*EXERCISE BRIEF*: All entries below are to be returned exactly, with pictures left out.

[Short text fragments from websites]
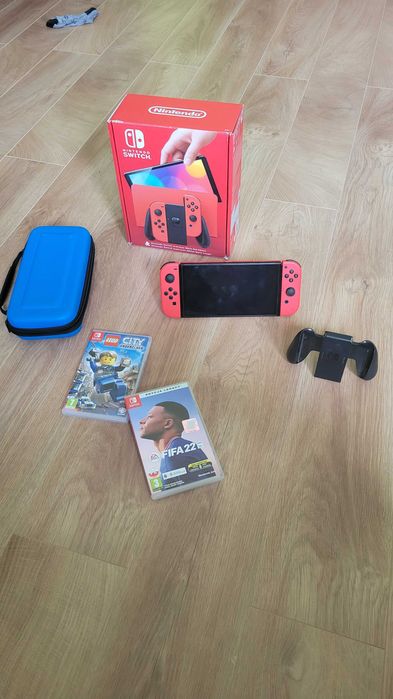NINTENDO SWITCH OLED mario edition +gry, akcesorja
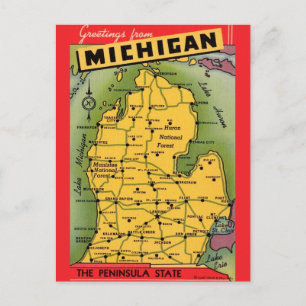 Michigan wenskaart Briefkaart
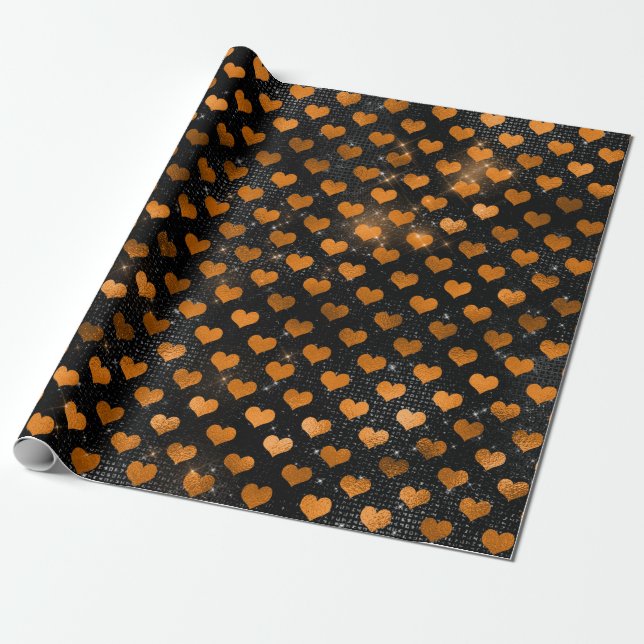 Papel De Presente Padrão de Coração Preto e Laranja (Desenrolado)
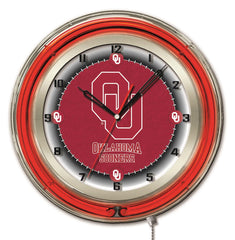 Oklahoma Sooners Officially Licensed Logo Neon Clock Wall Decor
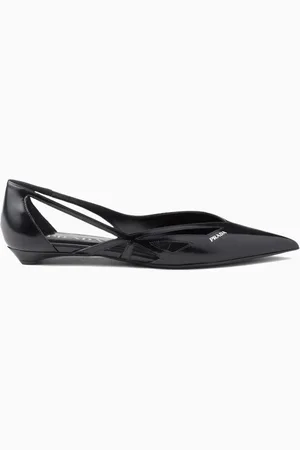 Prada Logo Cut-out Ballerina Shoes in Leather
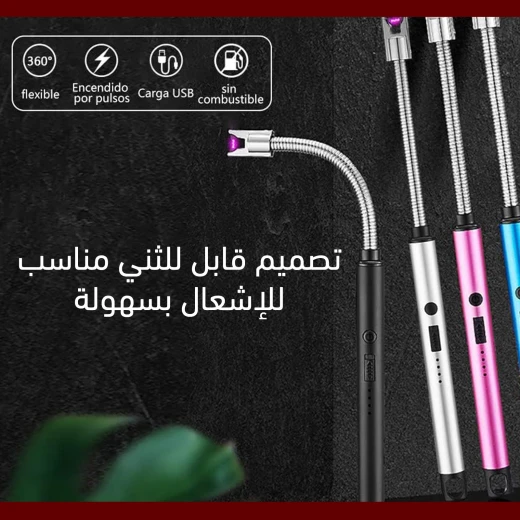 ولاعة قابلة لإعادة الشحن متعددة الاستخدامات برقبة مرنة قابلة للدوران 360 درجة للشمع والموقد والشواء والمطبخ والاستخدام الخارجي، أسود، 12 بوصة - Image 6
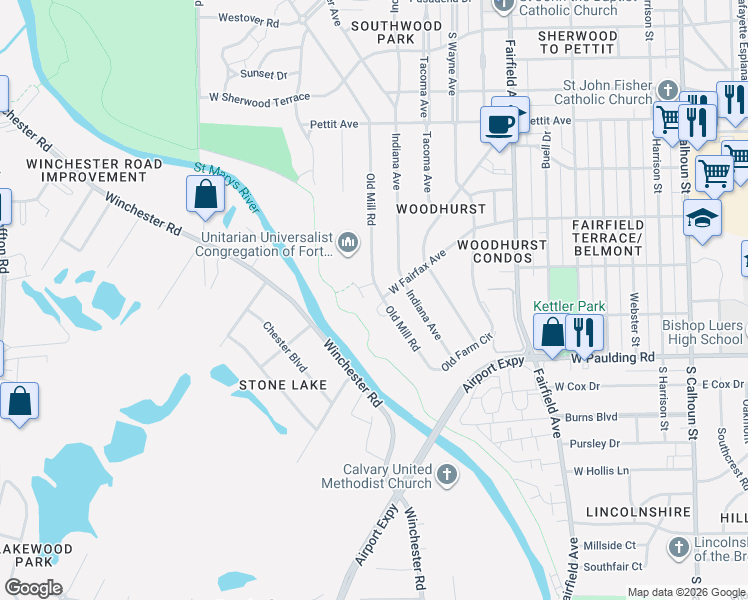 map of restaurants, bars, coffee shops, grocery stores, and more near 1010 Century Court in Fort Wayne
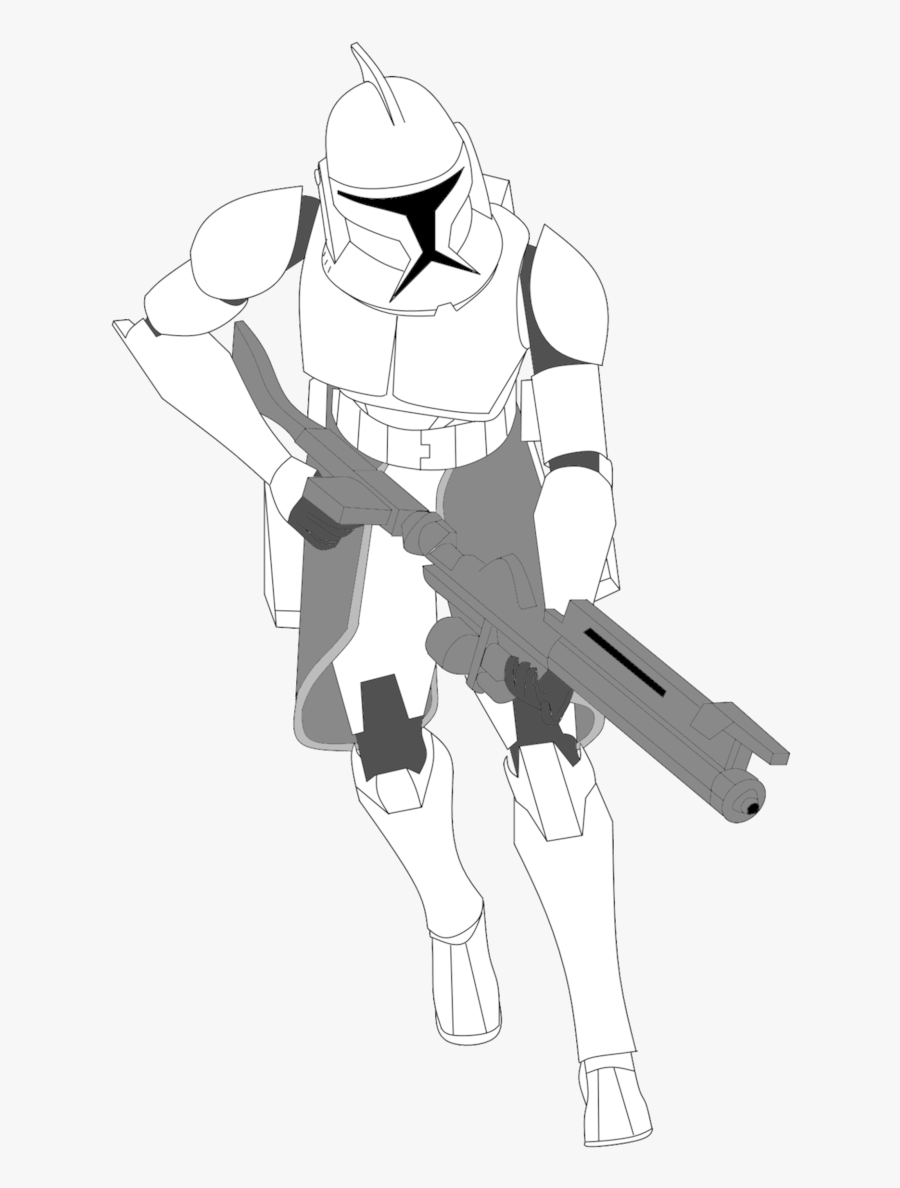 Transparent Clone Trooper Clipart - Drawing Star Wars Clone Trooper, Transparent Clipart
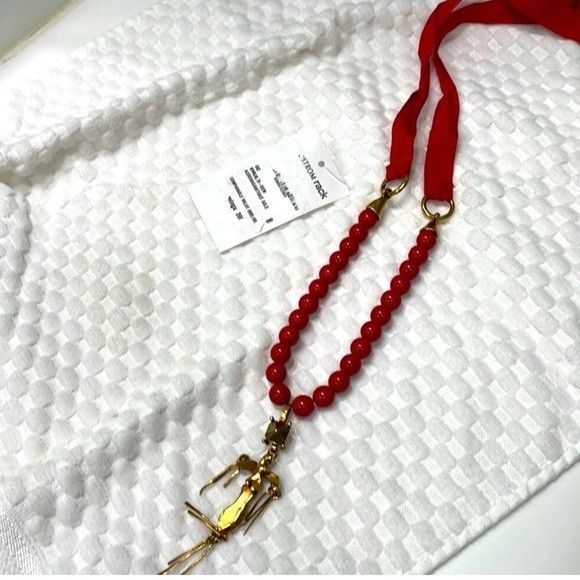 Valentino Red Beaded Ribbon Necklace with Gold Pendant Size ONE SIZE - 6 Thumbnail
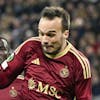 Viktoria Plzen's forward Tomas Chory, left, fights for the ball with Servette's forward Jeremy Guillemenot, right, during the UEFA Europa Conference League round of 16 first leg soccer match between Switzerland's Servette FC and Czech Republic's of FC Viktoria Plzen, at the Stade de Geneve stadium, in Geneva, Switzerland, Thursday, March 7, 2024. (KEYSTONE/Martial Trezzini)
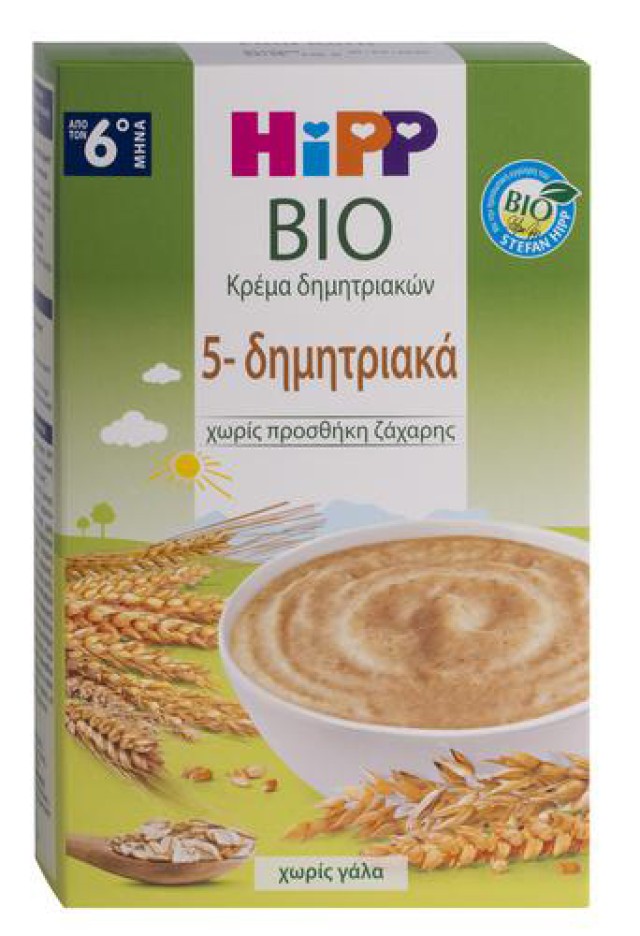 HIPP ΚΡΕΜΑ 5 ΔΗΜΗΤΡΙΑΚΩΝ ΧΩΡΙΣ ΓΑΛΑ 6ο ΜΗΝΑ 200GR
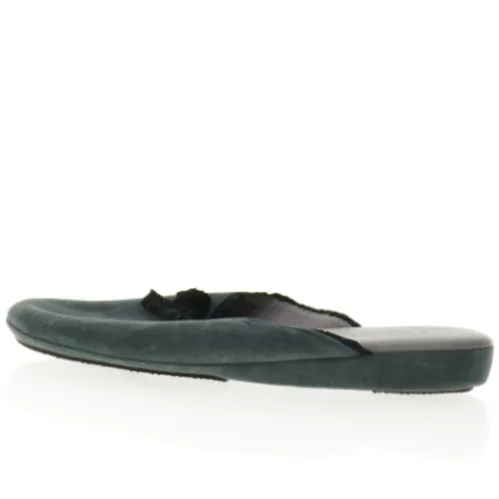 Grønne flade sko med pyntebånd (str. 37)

*TASK OUTPUT*:
NINTENDO SWITCH OLED mario edition +gry, akcesorja
 Michigan wenskaart Briefkaart
 Papel De Presente Padrão de Coração Preto e Laranja (Desenrolado)
 Oklahoma Sooners Officially Licensed Logo Neon Clock Wall Decor
 Prada Logo Cut-out Ballerina Shoes in Leather
 ولاعة قابلة لإعادة الشحن متعددة الاستخدامات برقبة مرنة قابلة للدوران 360 درجة للشمع والموقد والشواء والمطبخ والاستخدام الخارجي، أسود، 12 بوصة - Image 6
 map of restaurants, bars, coffee shops, grocery stores, and more near 1010 Century Court in Fort Wayne
 Transparent Clone Trooper Clipart - Drawing Star Wars Clone Trooper, Transparent Clipart
 Valentino Red Beaded Ribbon Necklace with Gold Pendant Size ONE SIZE - 6 Thumbnail
 Viktoria Plzen's forward Tomas Chory, left, fights for the ball with Servette's forward Jeremy Guillemenot, right, during the UEFA Europa Conference League round of 16 first leg soccer match between Switzerland's Servette FC and Czech Republic's of FC Viktoria Plzen, at the Stade de Geneve stadium, in Geneva, Switzerland, Thursday, March 7, 2024. (KEYSTONE/Martial Trezzini)
 HIPP ΚΡΕΜΑ 5 ΔΗΜΗΤΡΙΑΚΩΝ ΧΩΡΙΣ ΓΑΛΑ 6ο ΜΗΝΑ 200GR
 Grønne flade sko med pyntebånd (str. 37)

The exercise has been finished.